Given records Block Start

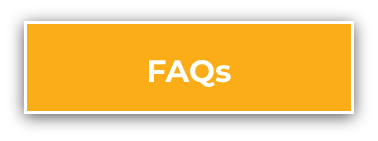 FAQs Button
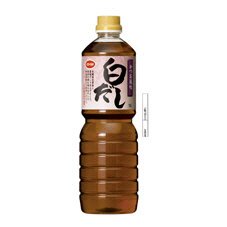 白だし≪徳用≫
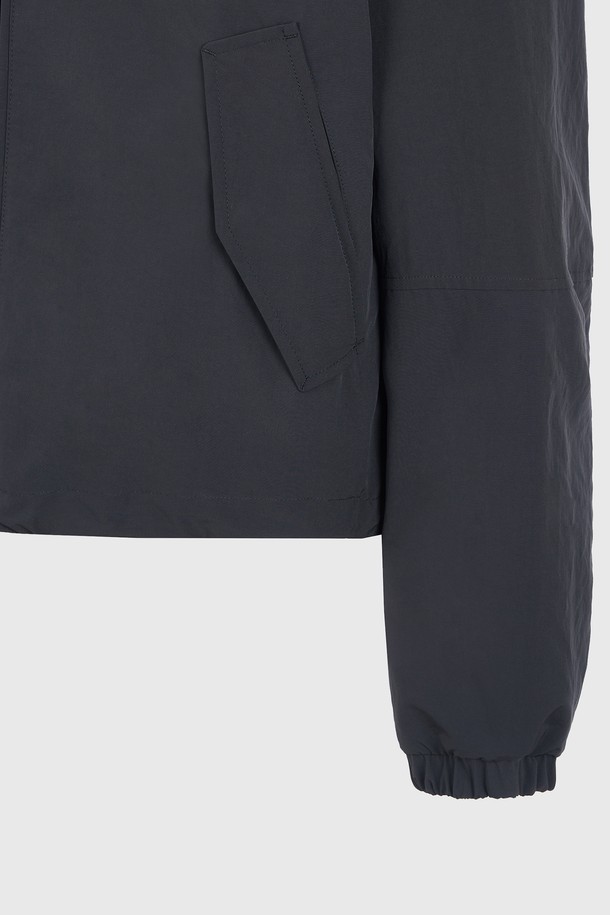 상품 슬라이드 이미지 0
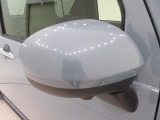 その他にお車ご購入に関して、気になる点やご不明な点がございましたら、「見積依頼」ボタン、もしくは無料ダイヤルより各店舗へお問合せください。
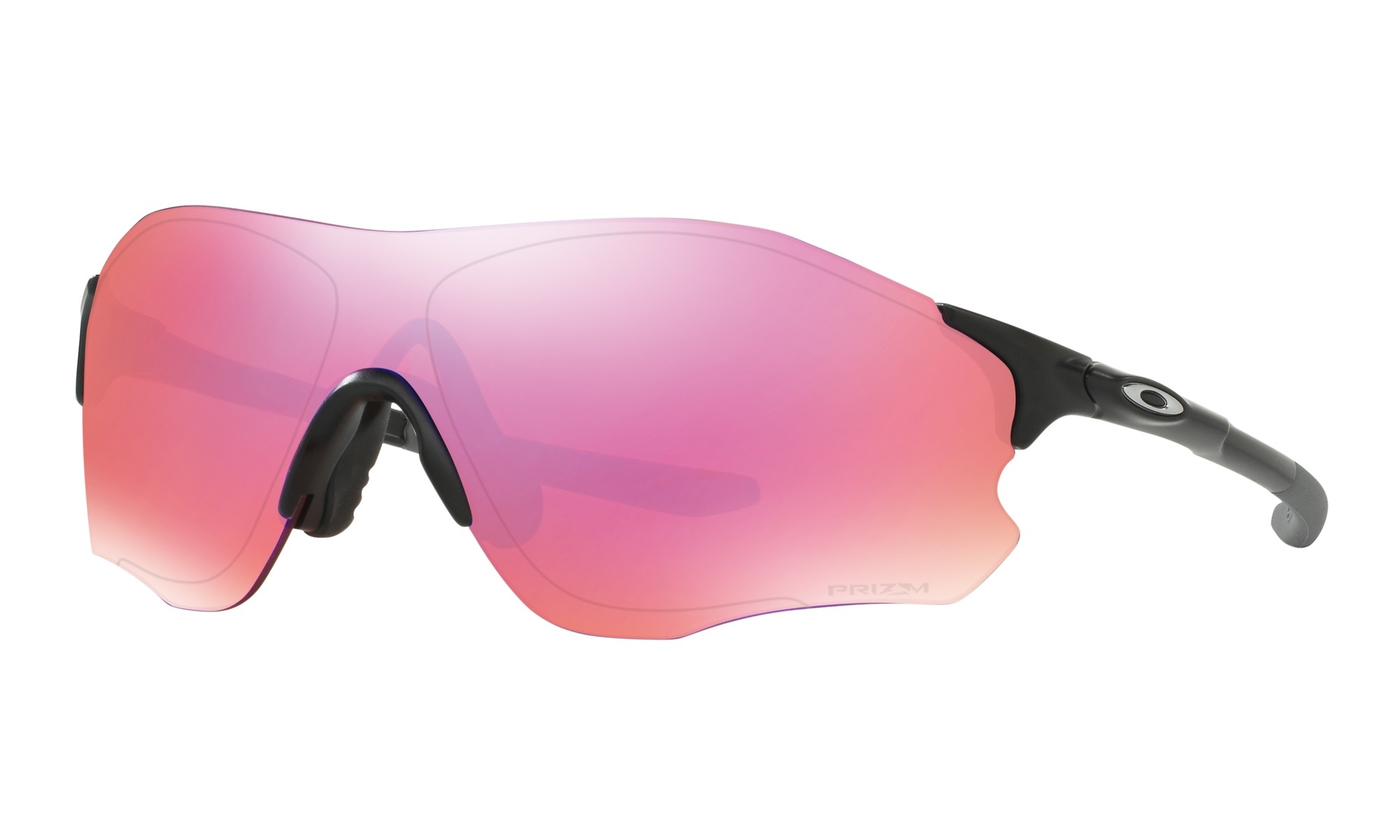 oakley evzero path trail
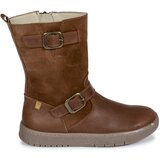 El Naturalista Polškornji 1095 Kostanjeva | Shoptok.si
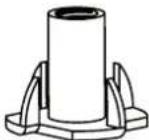 Vevor TLG92008 - NEED HELP?CONTACT US! - 20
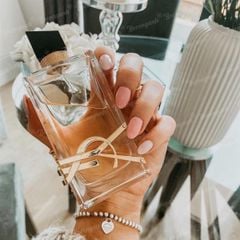 Nước Hoa Ysl Yves Saint Laurent Libre Edp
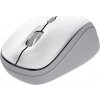 Trust Yvi+ Multi-Device Wireless Mouse 25454 Trust Yvi+ Multi-Device Wireless Mouse 25454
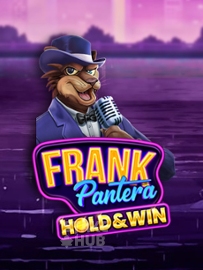 Frank Pantera
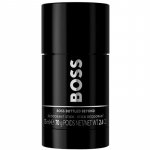 Hugo Boss Boss Bottled Beyond dezodorantas 75ml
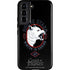 Game of Thrones: House Stark Direwolf Galaxy S22 Pro Case
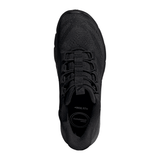 adidas Men's Cloudfoam Flex Rapidfit Walking Shoes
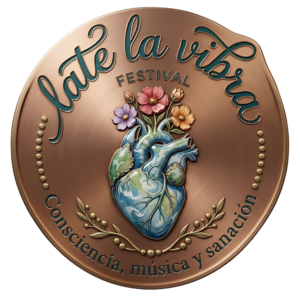 Entradas Late La Vibra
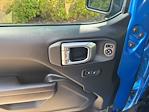 2021 Jeep Wrangler 4xe 4WD SUV for sale #H12425B - photo 14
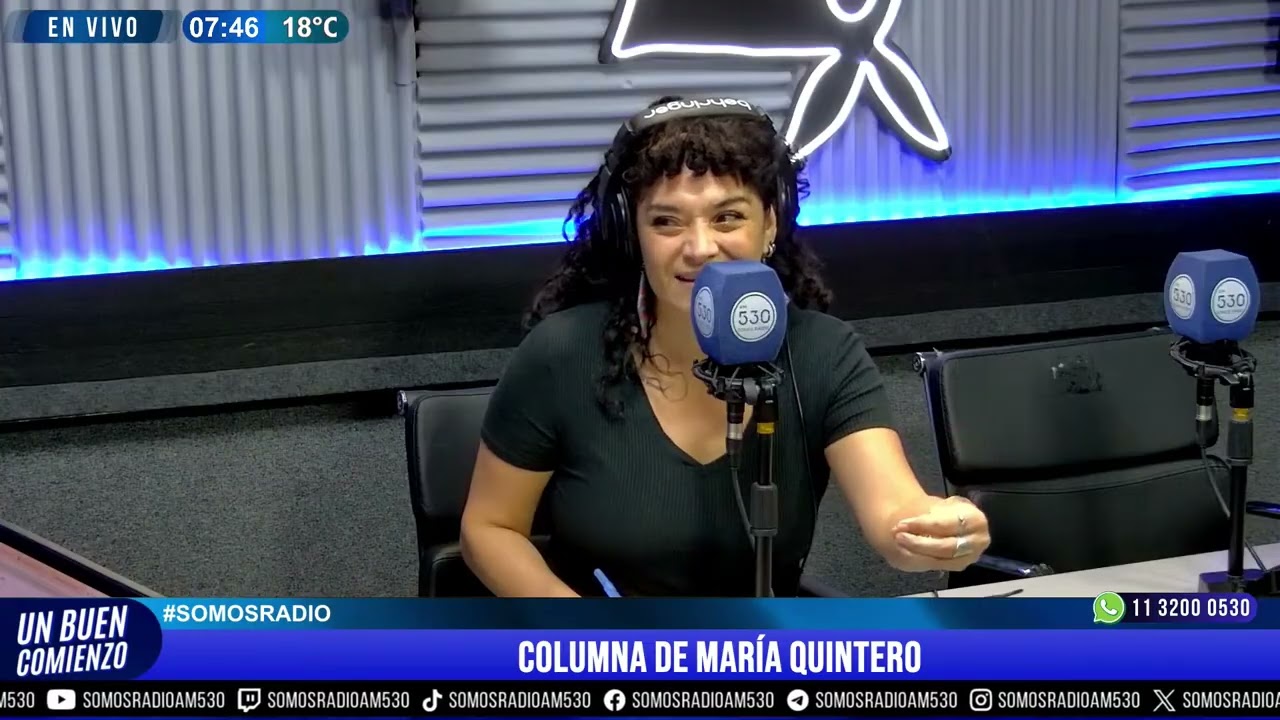 Más ajuste contra el Banco Nacional de Datos Genéticos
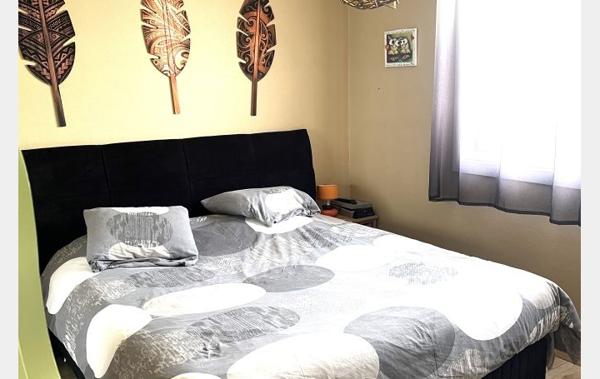 Vente Maison Fontenilles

Given records Block End

**Work order**
Leaving all pictures aside, print exactly the lines from the one that contains "oakley evzero path trail" through the last line of the data above, inclusive.

**Your response**
 oakley evzero path trail
 El Naturalista Polškornji 1095 Kostanjeva | Shoptok.si
 Vevor TLG92008 - NEED HELP?CONTACT US! - 20
 Nước Hoa Ysl Yves Saint Laurent Libre Edp
 Trust Yvi+ Multi-Device Wireless Mouse 25454 Trust Yvi+ Multi-Device Wireless Mouse 25454
 Frank Pantera
 Hugo Boss Boss Bottled Beyond dezodorantas 75ml
 Game of Thrones: House Stark Direwolf Galaxy S22 Pro Case
 adidas Men's Cloudfoam Flex Rapidfit Walking Shoes
 Entradas Late La Vibra
 2021 Jeep Wrangler 4xe 4WD SUV for sale #H12425B - photo 14
 Más ajuste contra el Banco Nacional de Datos Genéticos
 Vente Maison Fontenilles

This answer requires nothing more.